Representation learning AI technologies can provide superior results compared to basic machine learning. However, this is also where sufficiency of disclosure may become a significant factor. Representation learning comes up with a representation which may not be readily understood, or may at least be difficult to describe.
Finally, deep learning is a subset of representation learning using a model with a number of layers (known as the ‘depth’). A general term is ‘multi-layer perceptron’, which essentially means that a number of relatively simple mathematical operations are applied, each operation adding a layer.
A slightly more whimsical (but perhaps illuminating) definition is that older AI technologies, such as knowledge bases and logistic regression, are typically useful for “things that are hard for humans, but easy for computers” (eg, applying pre-determined rules to large data sets and least squares optimisations), while newer AI technologies, such as representation learning and in particular deep learning, are useful for “things that are easy for humans, but hard for computers” (eg, pattern recognition, image processing or natural language processing).
The deep learning AI technologies have seen dramatic improvements in this century and are the main reason for the current excitement around AI.
Figure 2. Diagram indicating layers of a CNN
Much has been written already on AI by various commentators.
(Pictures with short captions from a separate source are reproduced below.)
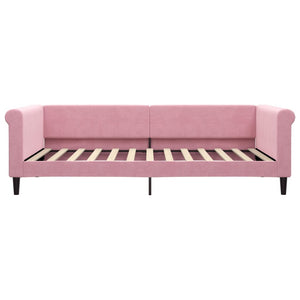 Divano Letto con Letto Estraibile Rosa 100x200 cm in Velluto 3197781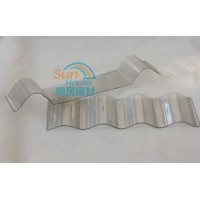 Polycarbonate corrugated recycled plastic sheets colored roofing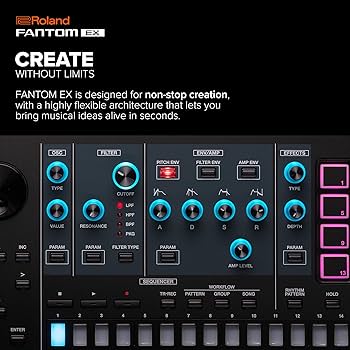Amazon.com: Roland FANTOM 6 EX Synthesizer | Compact FANTOM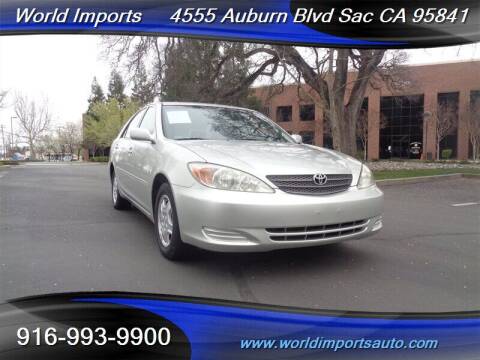 2002 Toyota Camry for sale at World Imports in Sacramento CA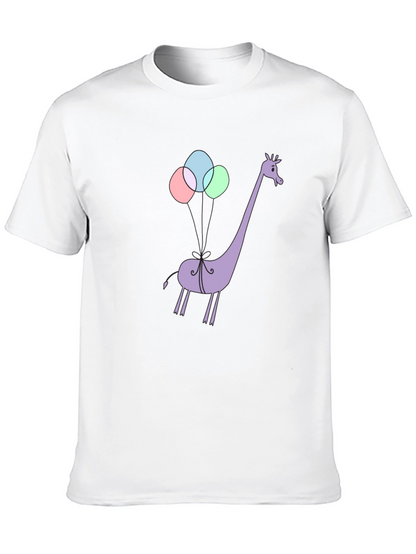 Giraffe Balloons Graphic Tee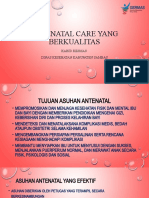 Antenatal Care Yang Berkualitas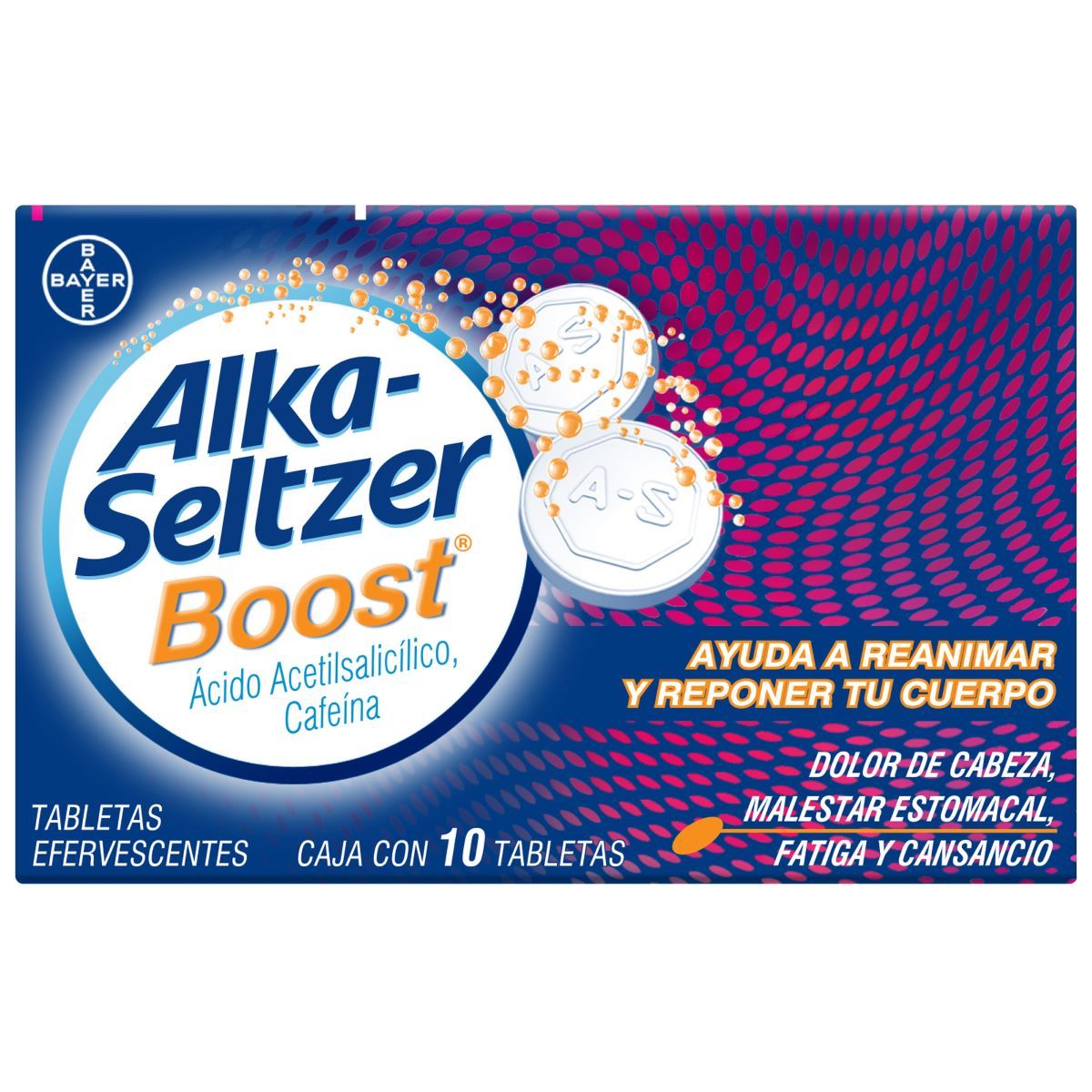 ALKA-SELTZER BOOST TABLETAS C/10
This chapter provides a brief summary of the situation for European patent applications, with some comments on the US position.
Fundamental AI technology
In a nutshell, the EPO has indicated that the approach it has developed for computer implemented inventions also applies to AI. In effect, this means that an AI-enabled invention can be patentable provided that the claimed technical features are inventive (ie, any claimed non-technical features are not considered for inventive step). Any claimed AI-related features as such are not considered technical (being mathematical in nature) and are considered only to contribute to an inventive step if they support a technical effect or purpose.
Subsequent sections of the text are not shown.